- Exercise aim: Exactly the lines from the one containing "Новогодний баскетбол 2025." through the end of the data, and nothing more, should be retyped; pictures stay out.

- Dataset entries:

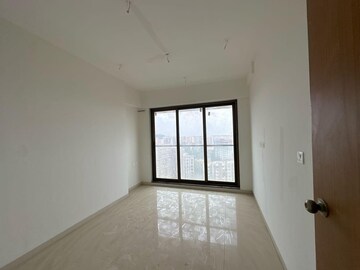 Room in 2 BHK Apartment at Naman Habitat, Andheri West – for Rent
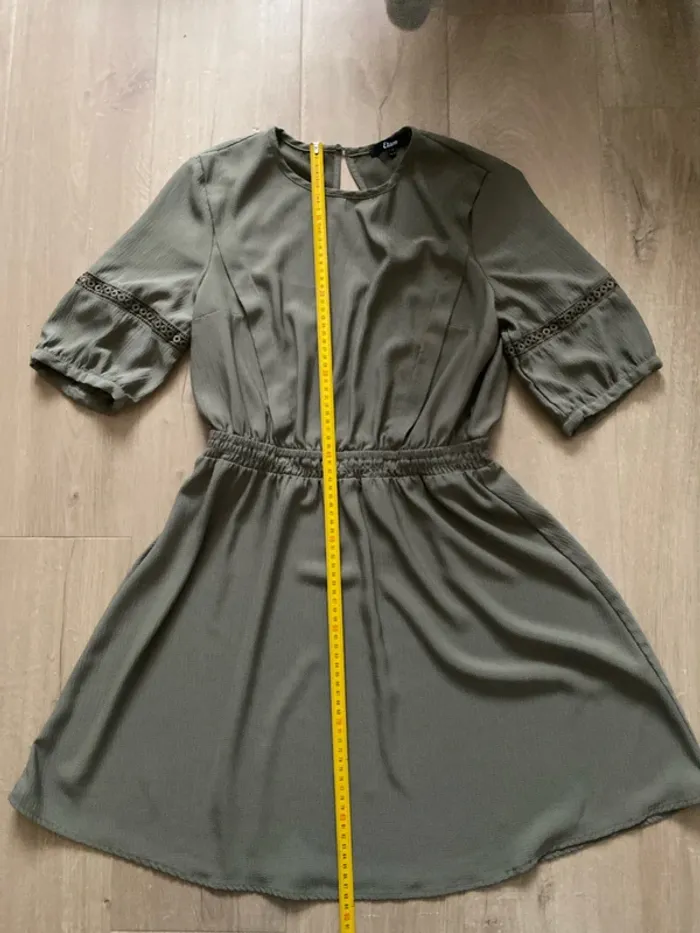 Robe courte kaki - photo numéro 5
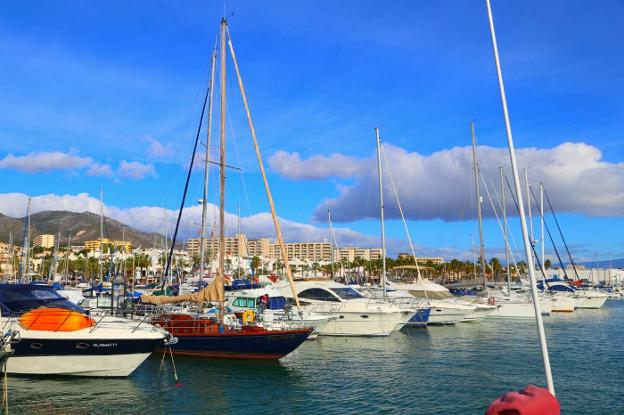 Benalmádena extraerá más de 40.000 metros cúbicos de arena del Puerto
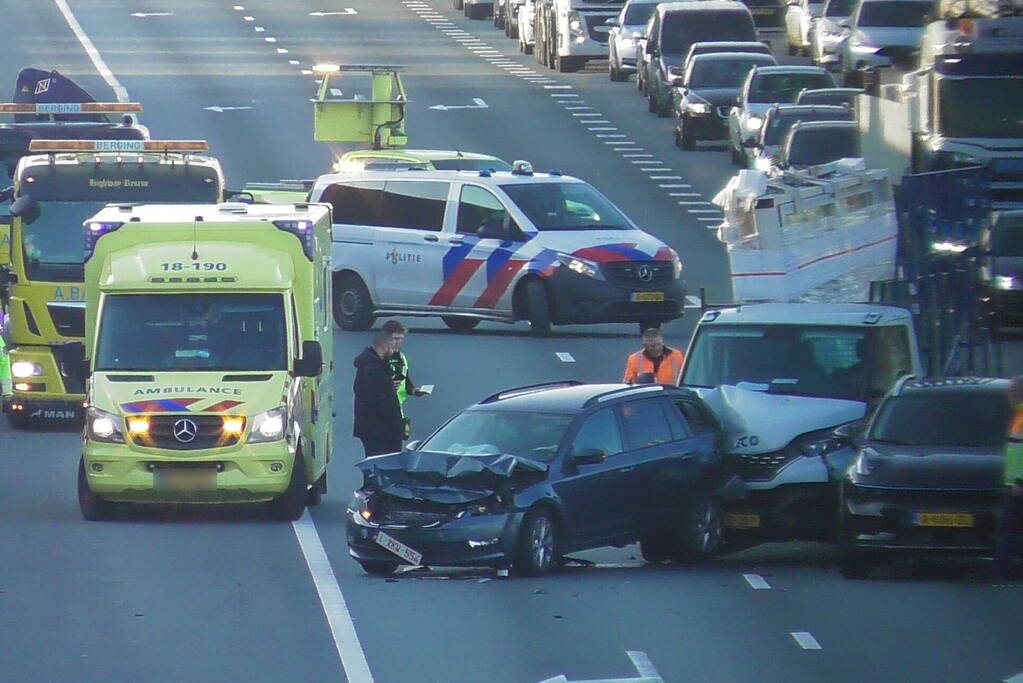 Snelweg deels dicht naar kettingbotsing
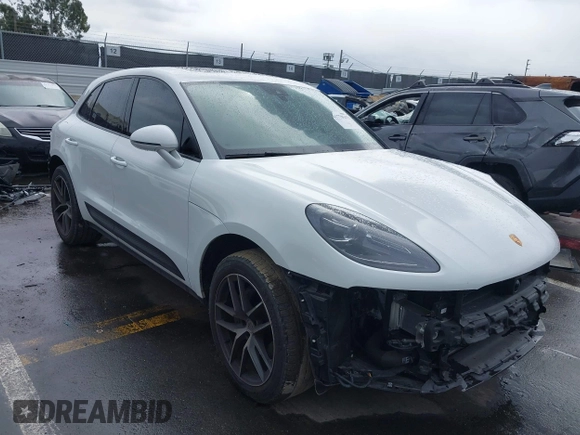 2023 Porsche Macan with VIN WP1AA2A56PLB17385, listed as a IAAI auction lot 41778547 with 25,044 mi miles. Bid and sale history available at carsss.com. Image 1.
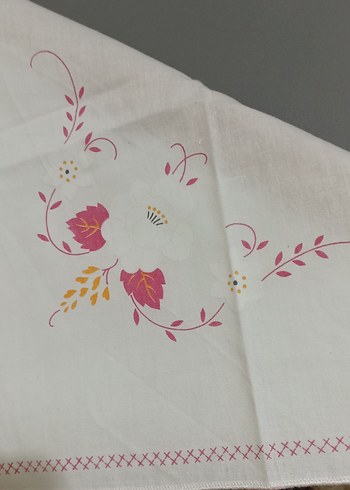 Nakışlı Beyaz Masa Örtüsü - Görsel 3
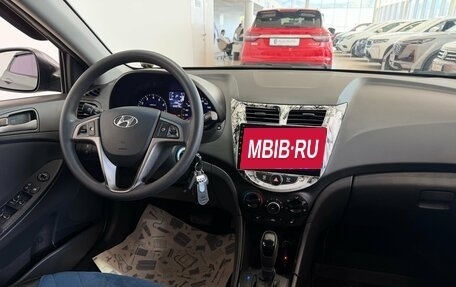 Hyundai Solaris II рестайлинг, 2015 год, 1 150 000 рублей, 13 фотография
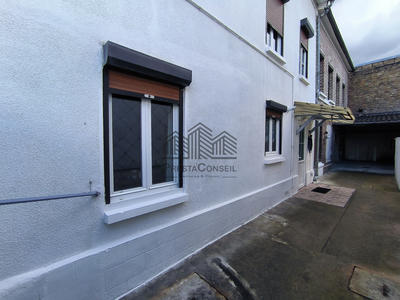 Maison - 90 m² - 6 pièces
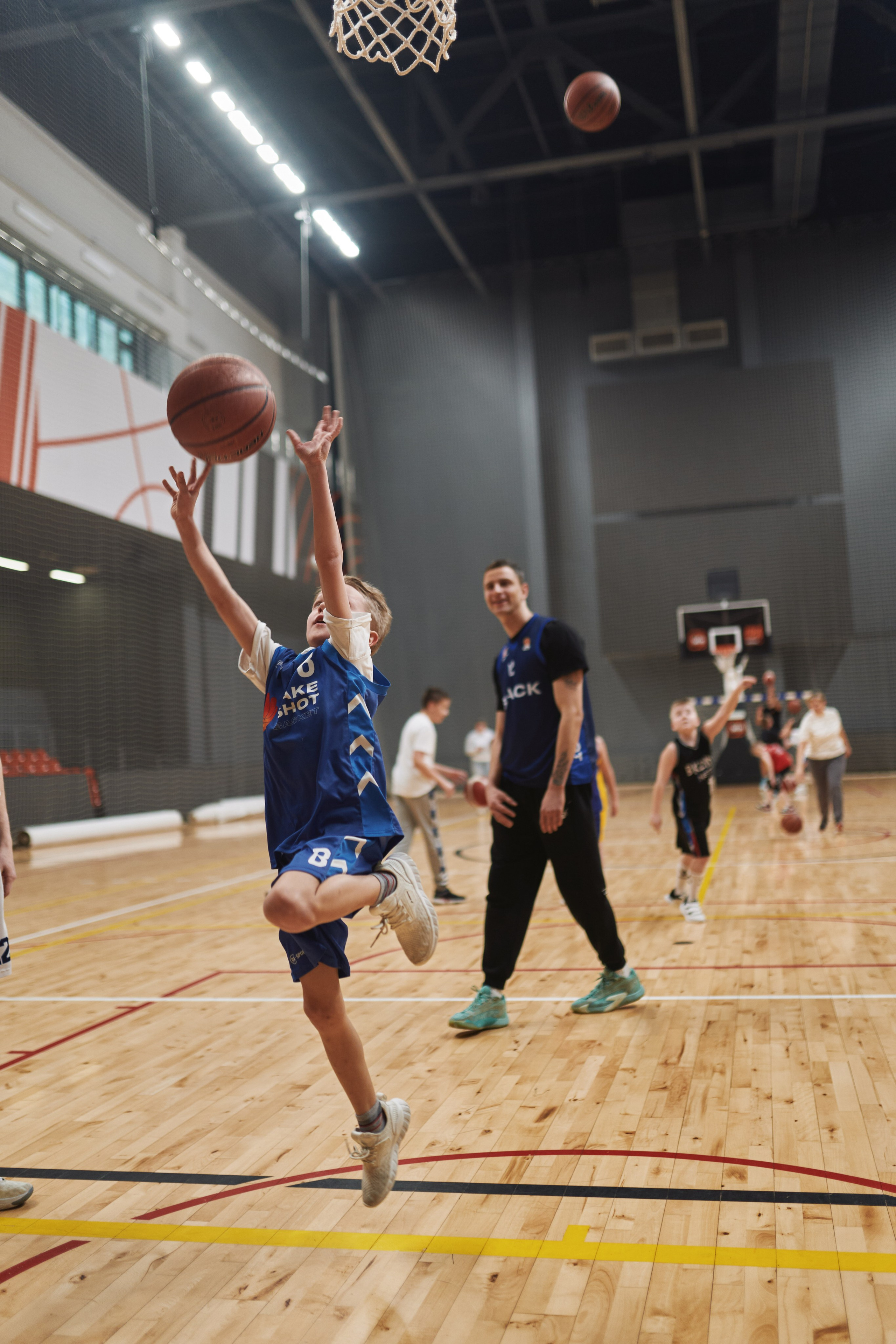 Новогодний баскетбол 2025. Детская лига. Евгений Бреча. Коммерческий и бэкстейдж фотограф в Москве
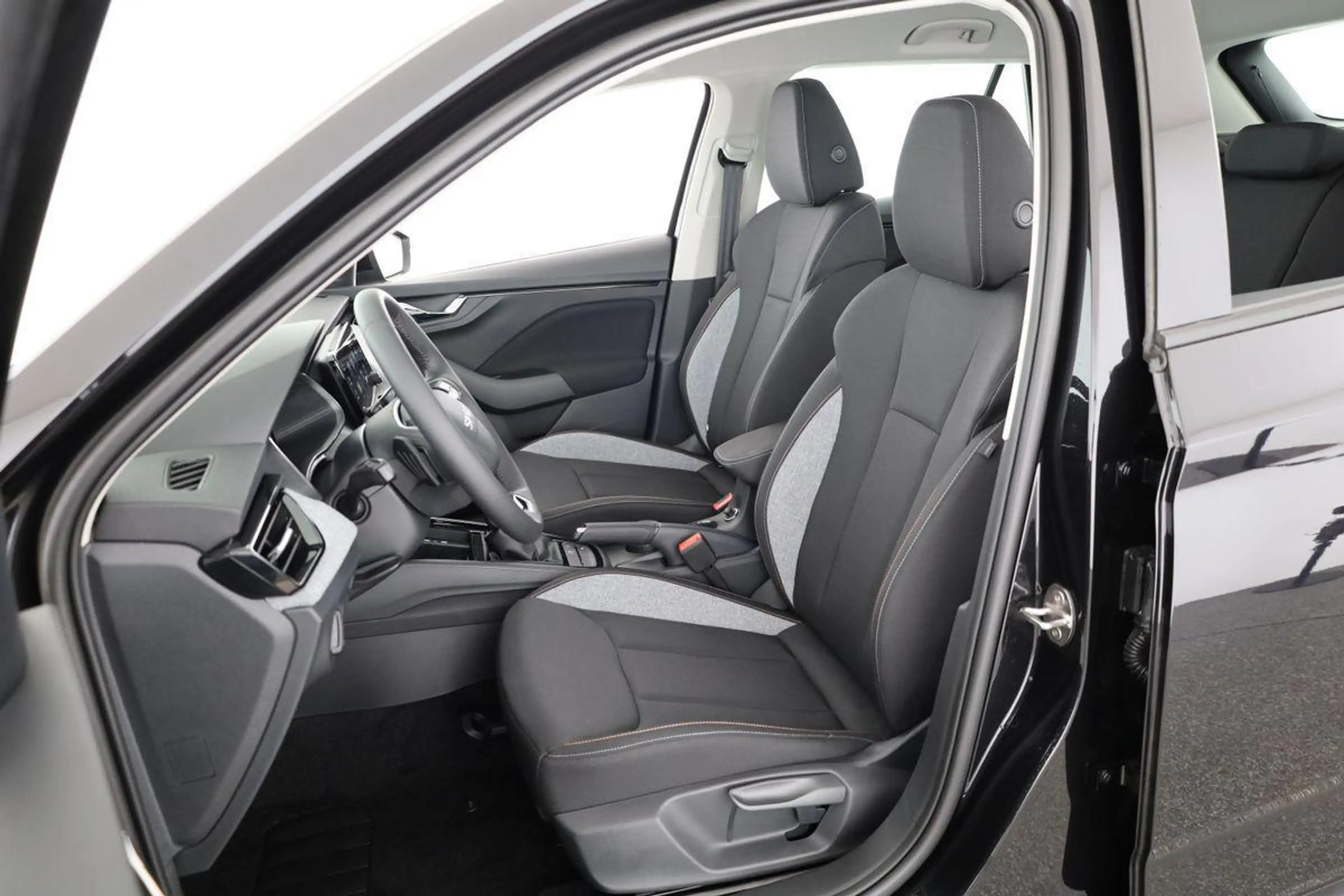 Skoda Kamiq Selection 1.0 TSI DSG Selection, LED, Kamera, L... — photo 10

- Response:
 Новогодний баскетбол 2025. Детская лига. Евгений Бреча. Коммерческий и бэкстейдж фотограф в Москве
 Skoda Kamiq Selection 1.0 TSI DSG Selection, LED, Kamera, L... — photo 10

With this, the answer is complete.